A: For objects smaller than cosmic scale, such as atoms, planets and solar systems, the electromagnetic and gravitational forces that hold them together are not changing (as far as we know) and so those objects do not change size.
Between galaxies, so widely separated, there's just gravity, and that tends to average out due to every galaxy being surrounded by other galaxies in all directions.  On a cosmic scale, galaxies are like a gas, with galaxies being the "molecules" and described by the idea gas equation.  To account for gravity and finite size of the galaxies, we might use the Van der Waals equation or some other variation, but that's beside the point, useful only for increasing accuracy.
Hubble's constant describes the rate at which the "container" of the galactic gas is expanding, the way the density of galaxies decreases over time.  In an ordinary gas such as air, when in an expanding chamber, certainly the molecules are not expanding.  Likewise, neither are the galaxies changing their sizes, at least not for Hubble-related reasons.
A: The reason the universe expands is gravitation, as described by Einstein's field equation.
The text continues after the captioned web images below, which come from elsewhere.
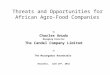 Threats and Opportunities for African Agro-Food Companies By Charles Anudu Managing Director The Candel Company Limited At The Mazungumzo Roundtable Brussels,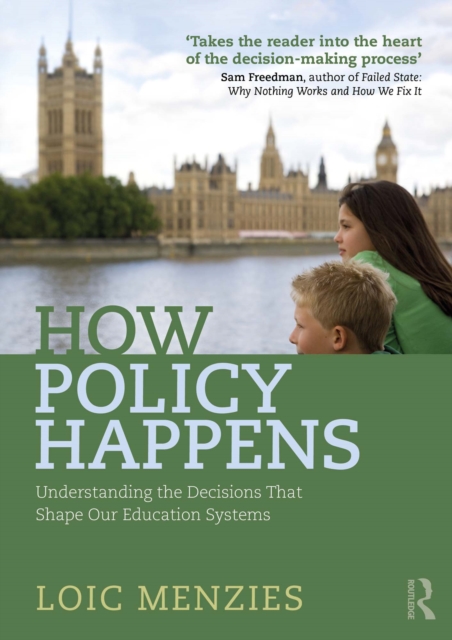 How Policy Happens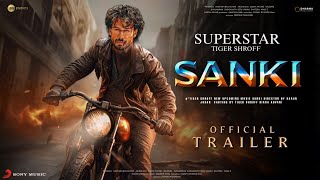 SANKI - Official Trailer | Tiger Shroff | Mrunal Thakur | Deepika Padukone | Karan Johar |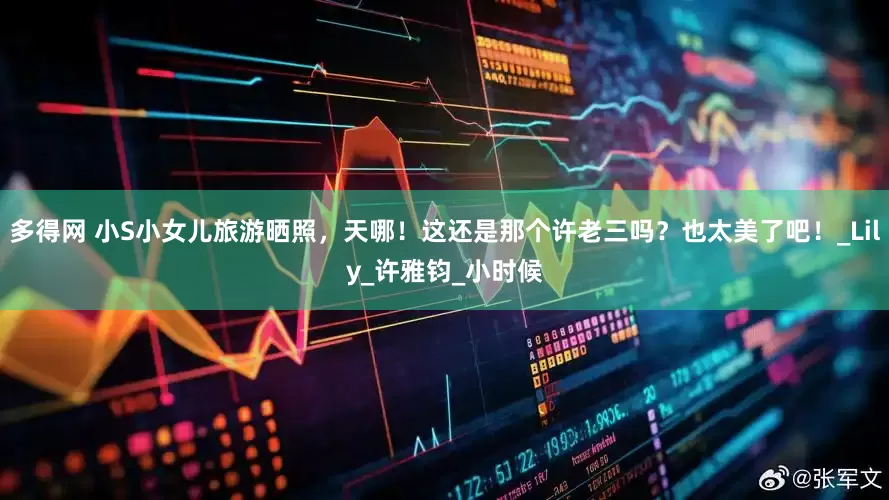 多得网 小S小女儿旅游晒照，天哪！这还是那个许老三吗？也太美了吧！_Lily_许雅钧_小时候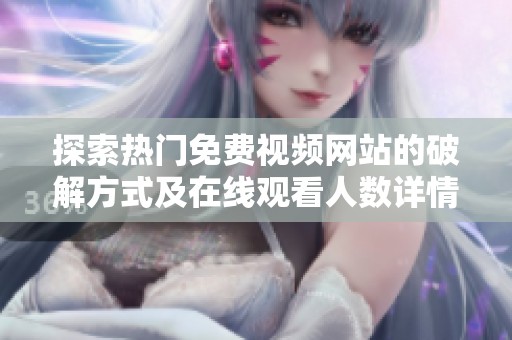 探索热门免费视频网站的破解方式及在线观看人数详情揭秘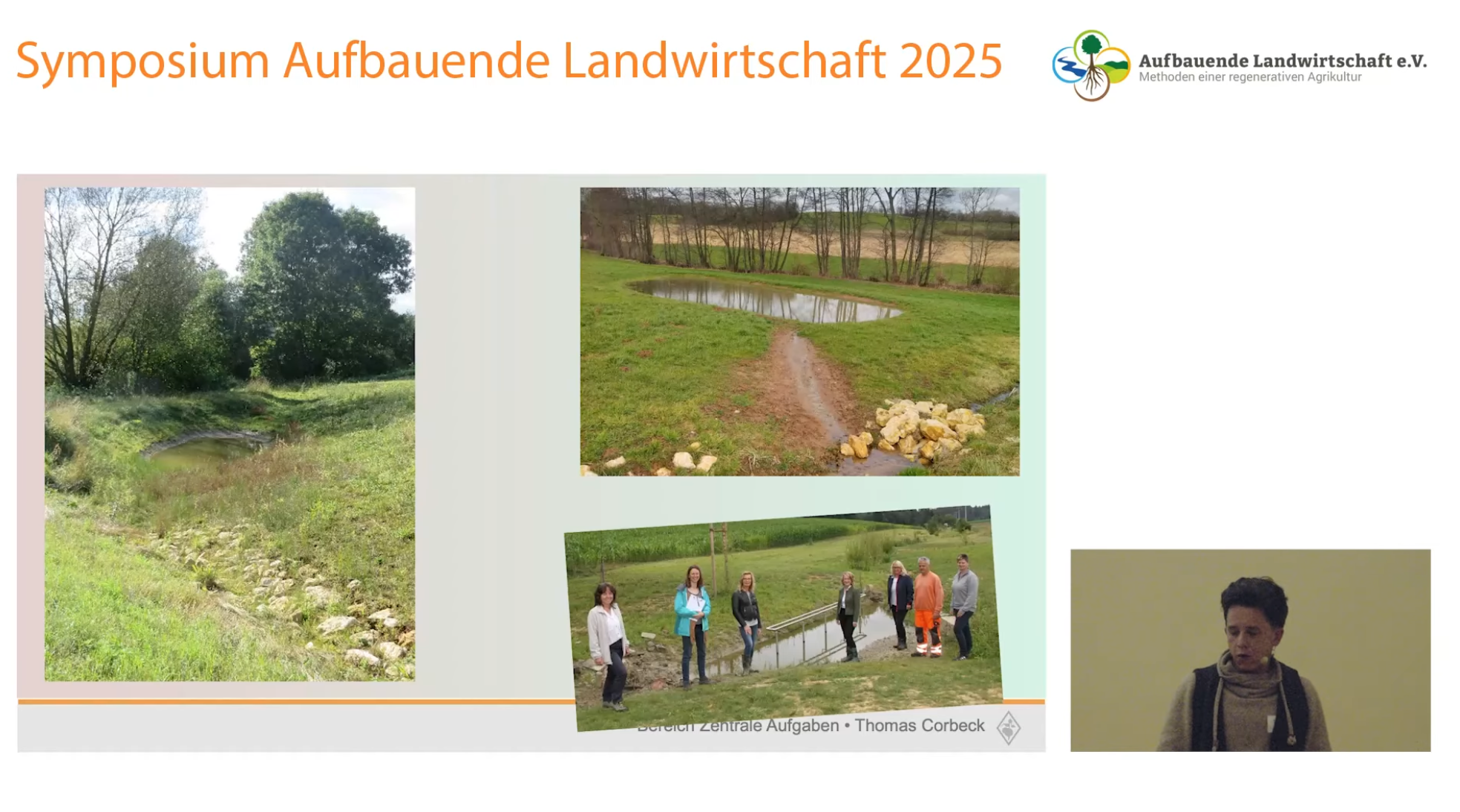 Thomas Corbeck // Gemeinsam für mehr Wasserrückhalt in der Land(wirt)schaft. Erfahrungen der Initiative boden:ständig // Symposium „Aufbauende Landwirtschaft“ 2025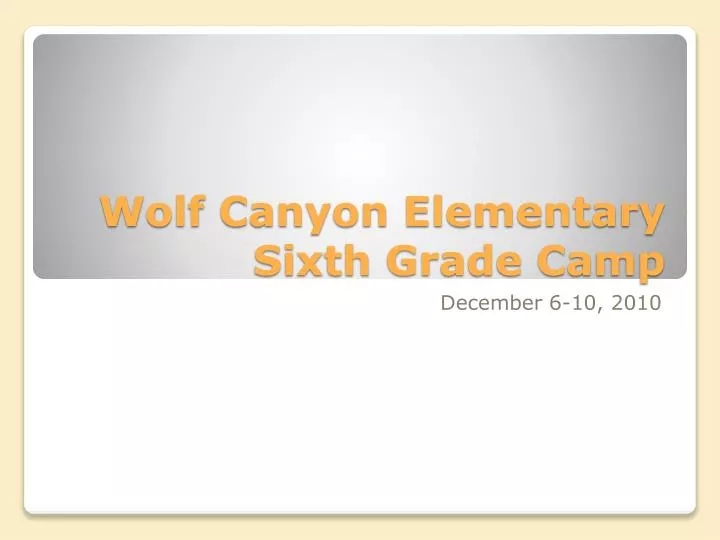 wolf canyon elementary sixth grade camp
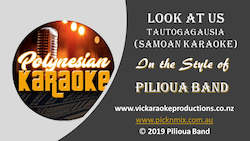 PK015 - Piloua Band (Samoan Karaoke) - Look at us (Tautoga Gausia) -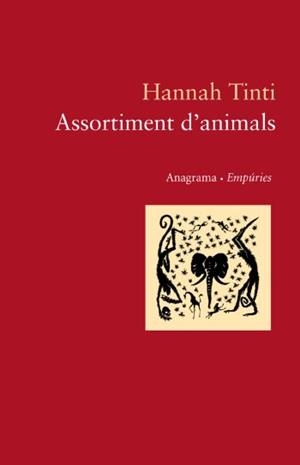 ASSORTIMENT D'ANIMALS | 9788497870443 | TINTI, HANNAH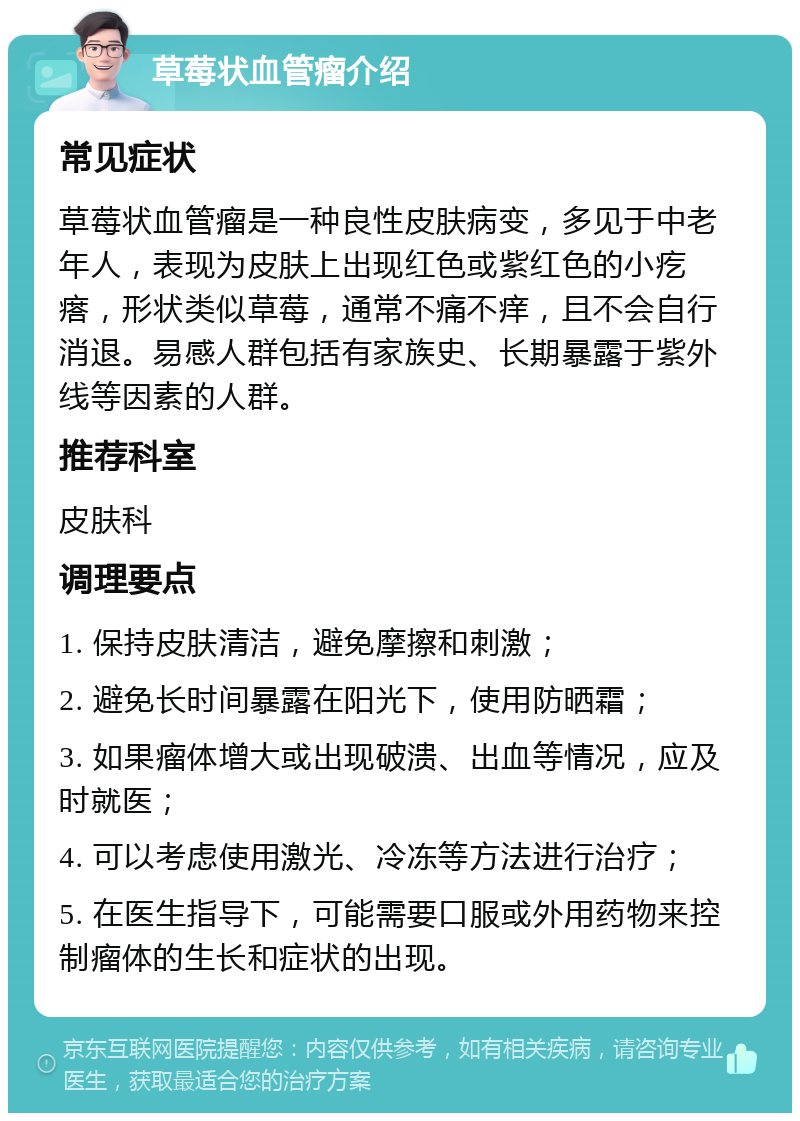 草莓状血管瘤介绍 常见症状 草莓状血管瘤是一种良性皮肤病变，多见于中老年人，表现为皮肤上出现红色或紫红色的小疙瘩，形状类似草莓，通常不痛不痒，且不会自行消退。易感人群包括有家族史、长期暴露于紫外线等因素的人群。 推荐科室 皮肤科 调理要点 1. 保持皮肤清洁，避免摩擦和刺激； 2. 避免长时间暴露在阳光下，使用防晒霜； 3. 如果瘤体增大或出现破溃、出血等情况，应及时就医； 4. 可以考虑使用激光、冷冻等方法进行治疗； 5. 在医生指导下，可能需要口服或外用药物来控制瘤体的生长和症状的出现。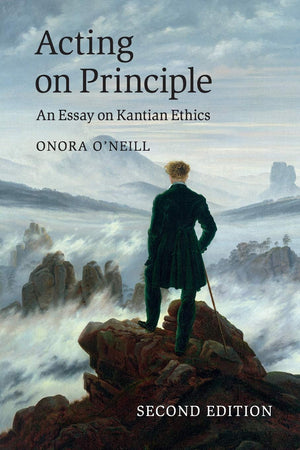 Acting on Principle: An Essay On Kantian Ethics,Used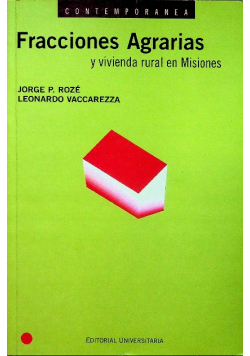 Fracciones agrarias y vivienda rural en Misiones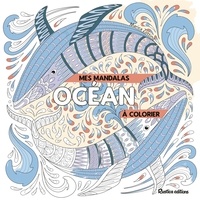 Marica Zottino - Mes mandalas océan à colorier.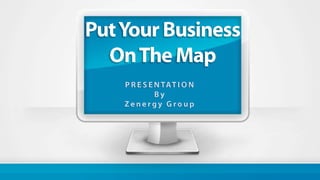 Put Your Business  On The Map PRESENTATION By Zenergy Group 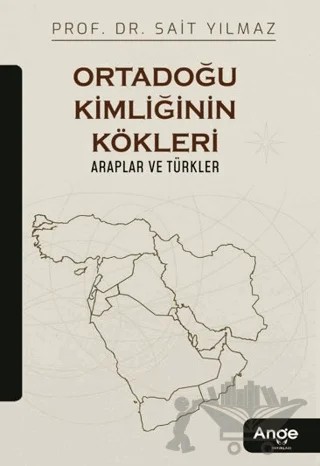 Ortadoğu Kimliğinin Kökleri Araplar ve Türkler – Sait Yılmaz – Ange Yayınları kitap kapağı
The evolution of the universe is governed by gravitation, as described by Einstein's field equation. Over cosmological scale, the universe can be seen as homogeneous and isotropic, with very small density of matter and radiation. The density of matter and radiation is too small to counteract the expansion, an effect of initial condition. In local areas, however, the density is many magnitudes higher, and the effect of expansion is all but counteracted by the binding gravitational attraction.